The Pound Euro (GBP/EUR) exchange rate experienced a lot of volatility last week, driven by uncertainty around the long-term economic impacts of coronavirus.
What’s Been Happening: GBP/EUR Fluctuates on ‘Fragile’ Economic Recoveries
Early in the week, the Eurozone’s economic sentiment indicator rose to its highest level since it hit a record high in May 2000. Though the Euro initially climbed in response, demand for USD caused it to relinquish its gains due to its negative correlation with the ‘Greenback’.
Similarly, Germany’s better-than-expected jobs figures gave the single currency a temporary lift, but the continued spread of the Delta variant in Europe dragged EUR exchange rates down.

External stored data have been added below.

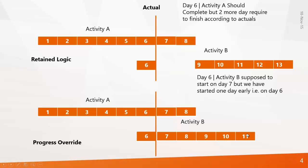That means you are way ahead in your project. So this is how you manipulate the delay using progress overrides.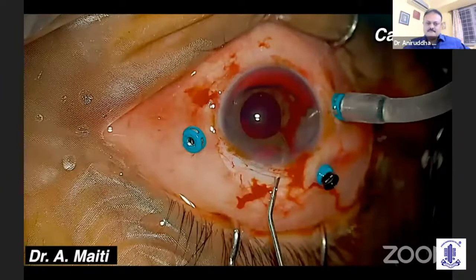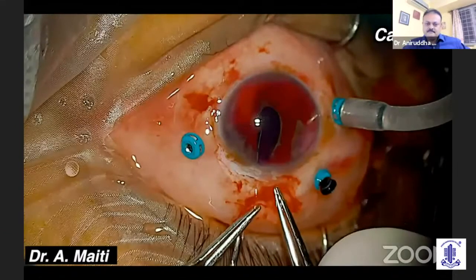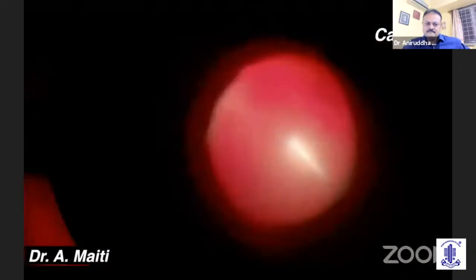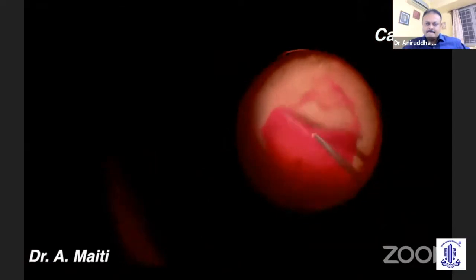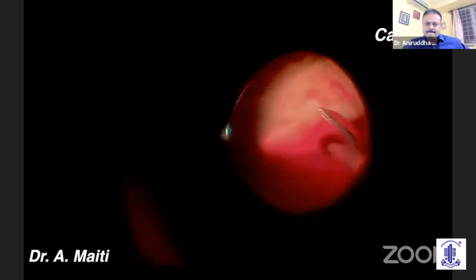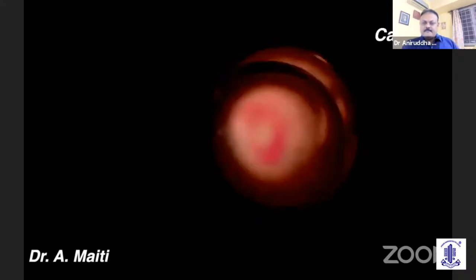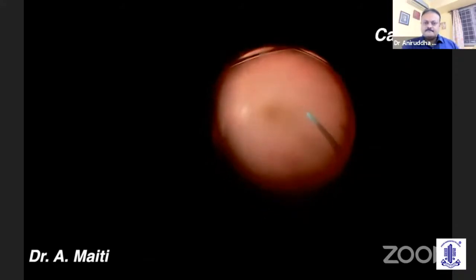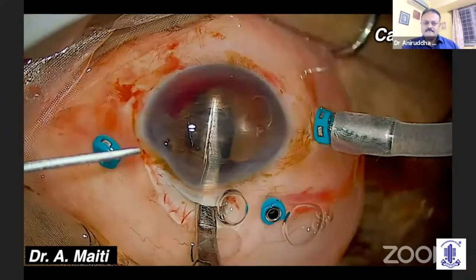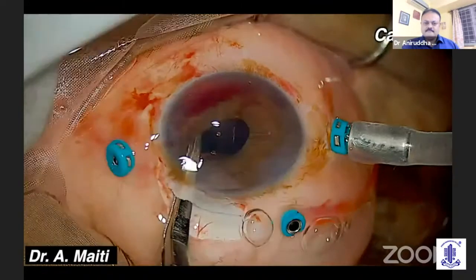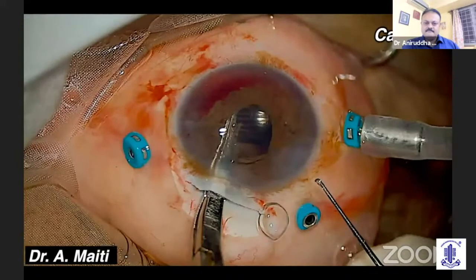I ultimately succeeded in releasing the IOL from the iris and made it free. The IOL was then taken out. By this time, the posterior chamber was full of blood, which was gradually aspirated by the cutter. Thick clotted blood deposited in the posterior pole was gradually removed. A posterior fixating iris lens was then fixed on the iris. We could manage the case and give good vision to this patient, but we need to be careful while retrieving the IOL from the posterior chamber.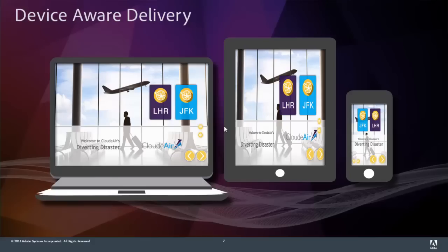Let's talk about device-aware delivery with Adobe Captivate. Adobe Captivate is aware of the devices that it sends content to after you've published your content. When you publish your content onto a web server or a learning management server, Adobe Captivate includes files that dynamically determine what kind of device is attempting to access your information, and then it delivers the right size and ratio project to your individual device.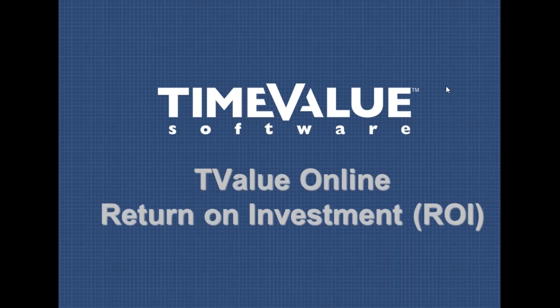Welcome to the T-Value Online video training series. In this video, we're going to cover how to handle a return on investment or ROI calculation in T-Value Online.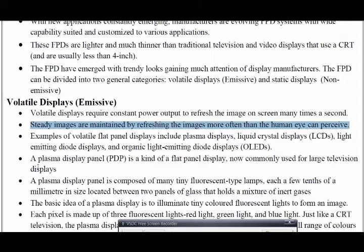An emissive display converts your electrical signal — the electricity provided to a system to run — into light. Based on that, you can compare this to your CRT as well.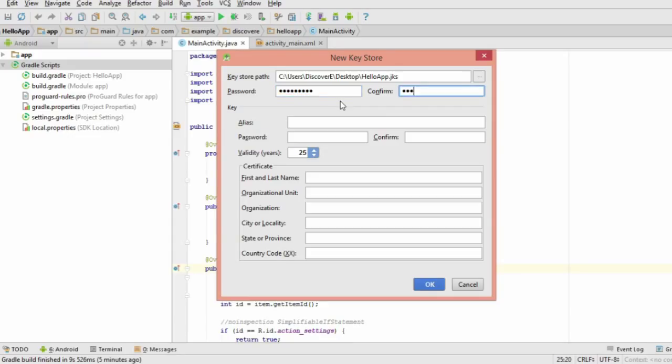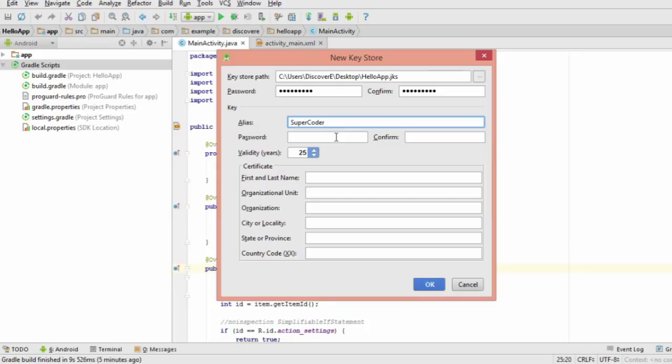For the alias, you can enter a mixed name for yourself. Make sure you don't use your real name, since you should always keep this secret on the internet. Then you'll need to choose a second password. It can be the same or different from your first password.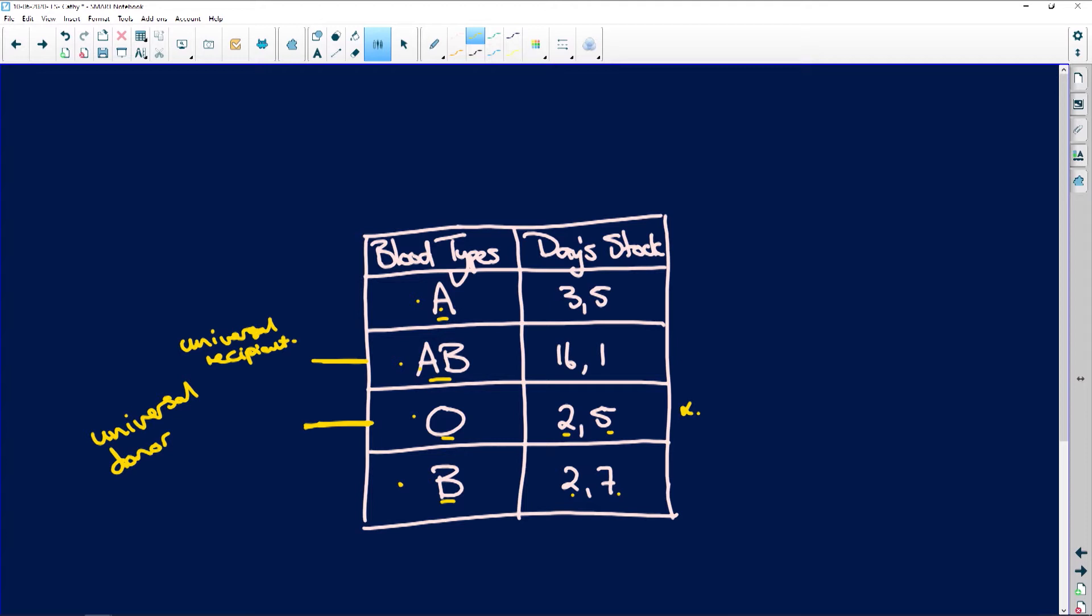State one possible reason why the stock of blood type is lower than other blood types. Well, clearly, because O is the universal donor. Everyone can use blood group O, and that's why it probably is the lowest in the stock.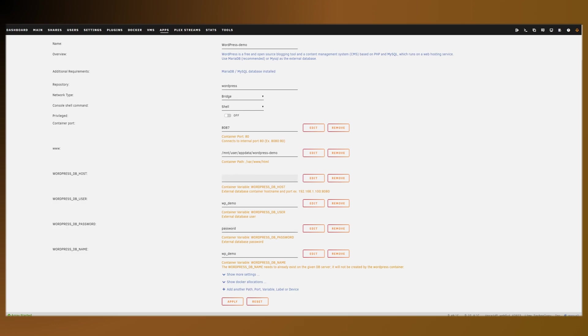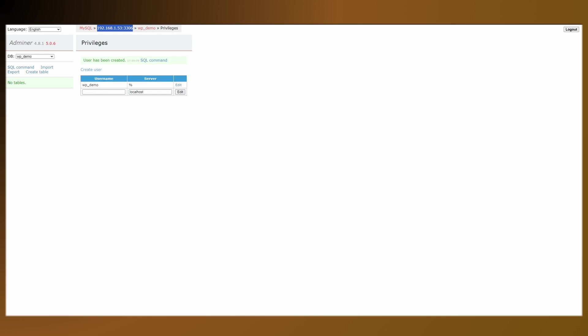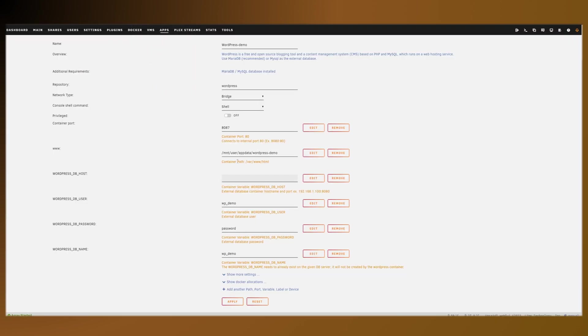For the host, you want to put in the URL or the IP address to your server and then typically 3306. But you can see it here, or you can see it under your dockers.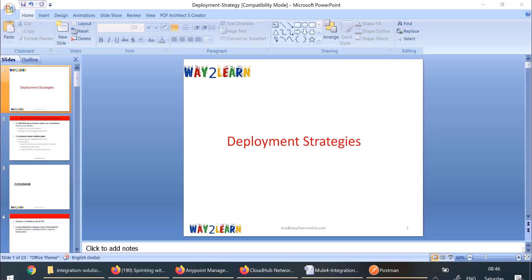In this section, we are going to discuss about various deployment strategies in Anypoint platform. This section will help you to design and document the physical view of your application.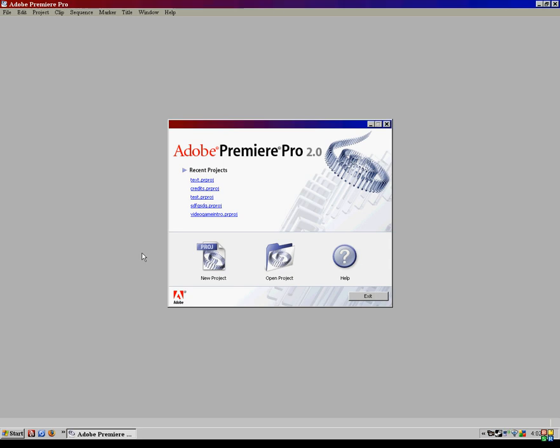Hi everyone, this is Sean, and today in Adobe Premiere Pro, we're going to be working with credits and text.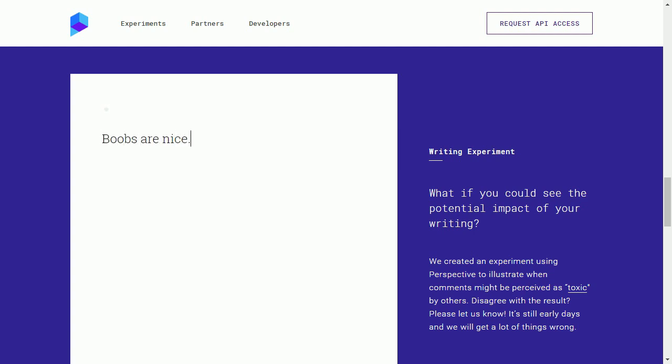So let's test some shit out here. Boobs are nice. That's not controversial. 66% toxic. So if you appreciate breasts, whether you're male or female, doesn't matter, because this doesn't know my gender. It's not going to assume my gender.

The Euro hit a high point against the Pound after the manufacturing PMIs for both Germany and the Eurozone beat expectations to show continued factory growth, with the Eurozone’s PMI reaching a new record high.
However, comments from European Central Bank (ECB) President Christine Lagarde weighed on the Euro as she reiterated the ECB’s dovish approach and warned of the Eurozone’s ‘fragile’ economic recovery.
Meanwhile, the Pound also see-sawed throughout the week. The latest consumer credit report, which indicated increased consumer confidence, was offset by fears of post-furlough redundancies and post-Brexit staff shortages.
Brexit optimism then supported the Pound, with the EU postponing goods checks on the Irish Sea by another three months and the UK unveiling its new state subsidy plans.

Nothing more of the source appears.